Três gerações, marcadas por um passado histórico que marcou a humanidade, relatadas a três vozes e mostrando como o fio condutor da vida humana é tão imprevisível e tão frágil. A nossa mente tem tendência a tirar conclusões precipitadamente, a fazer associações que muitas vezes somos nós mesmos que criamos, mas depois temos sempre receio de enfrentar os verdadeiros factos e as suas consequências. Com Francisco é um pouco assim. Dada a sua infância, ele assumiu imensos pressupostos, tirou as suas conclusões, e começou a viver uma vida com base nessa nuvem cinzenta. O resultado? Uma vida adulta satisfatória, porém longe de o preencher ou de o fazer sentir-se inteiro. A entrada de João Lopes na trama é o fósforo que incendeia toda aquela pólvora até ali espalhada. Com uma realidade diferente daquela que é familiar à mente de Francisco, este vem abanar o seu mundo e colocar em causa o seu eu presente e a sua postura com Teresa, alguém que ele ama, mas que não consegue assumir.

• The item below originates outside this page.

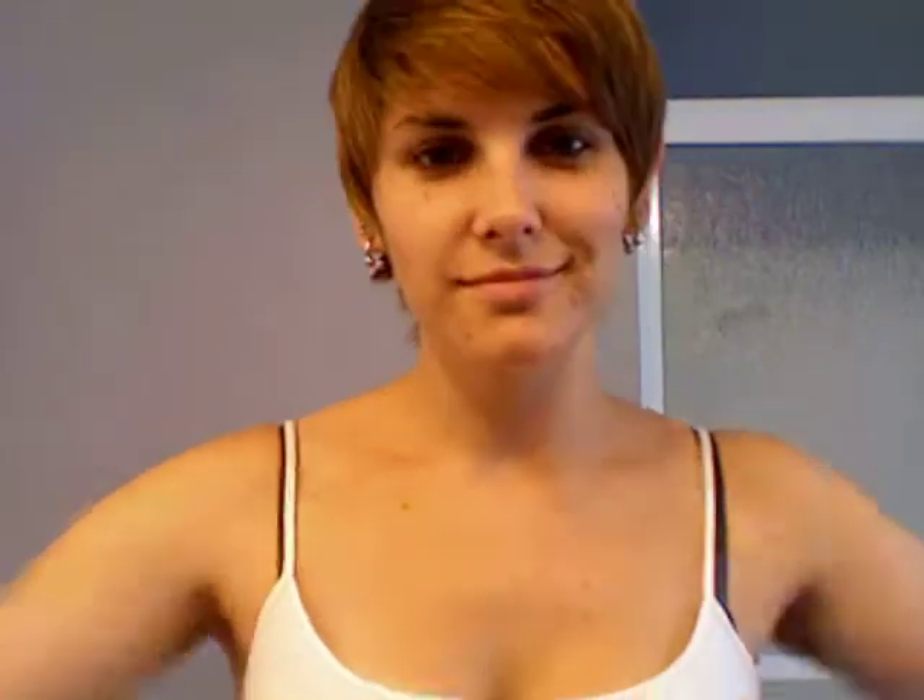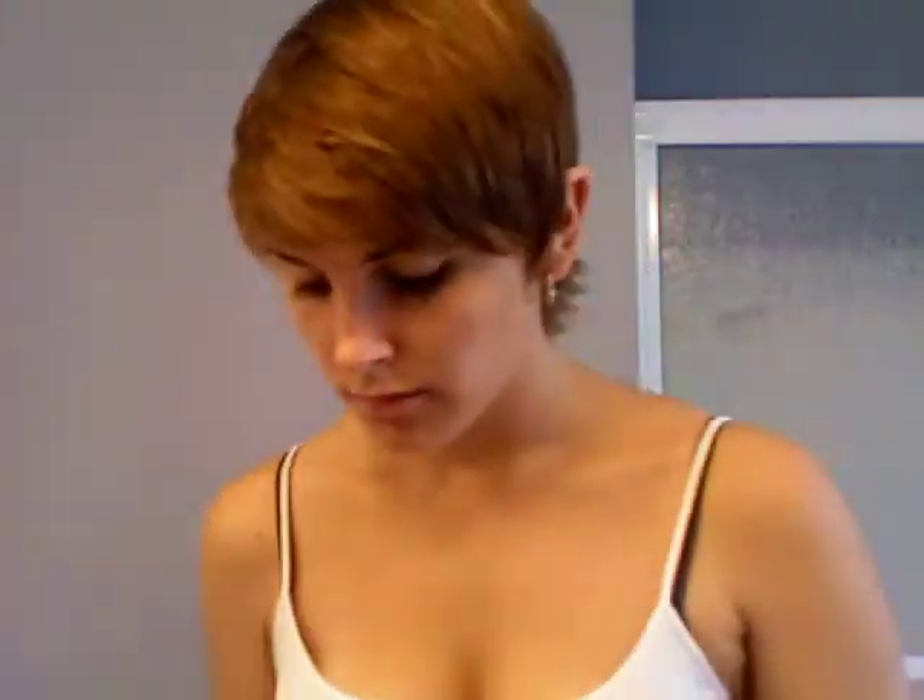You are going to need: a regular pencil, an eyeliner pencil, some sponges, white base foundation, false eyelashes and eyelash adhesive, Halloween makeup, tweezers, spirit gum, spirit gum remover for afterwards, some eyeshadow brushes, a headband to put your hair back, some blush brushes, loose powder, purple powder, and just a regular piece of cardboard.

A escrita de Carla M. Soares é muito rica, não só pela imaginação sem limites, sempre coerente e ao mesmo tempo real, como também na capacidade de transmitir emoções a quem a lê. É fácil sentirmos uma grande empatia com Carmo, com João Lopes, até com Dekel – o tal estrangeiro. Neste aspecto, o da escrita, o livro só peca por uma razão: a revisão, se feita, foi bastante desleixada. Existem, ao longo de toda a obra, pequenas imperfeições e algumas trocas de nomes que com um olhar mais analítico crítico teriam sido perfeitamente evitáveis. Espero que este formato digital – já que, na minha opinião, a autora merecia um formato físico com uma obra destas – não venha a prejudicar Carla M. Soares. O talento está lá, é inegável, mas autor algum, após ter escrito uma obra com mais de 400 páginas, tem a capacidade de corrigir sozinho todos os erros que são inerentes e naturais no processo de escrita. Não querendo dar demasiada importância a este facto, mas ainda assim sublinhando a necessidade de haver trabalho com os autores portugueses por parte dos editores, quero reforçar que A Chama ao Vento é uma estória que vale a pena ler, que mostra um panorama de Portugal e das suas gentes muito histórico e emocionante. Gostei.
Tenho uma curiosidade infinita sobre este livro da Carla!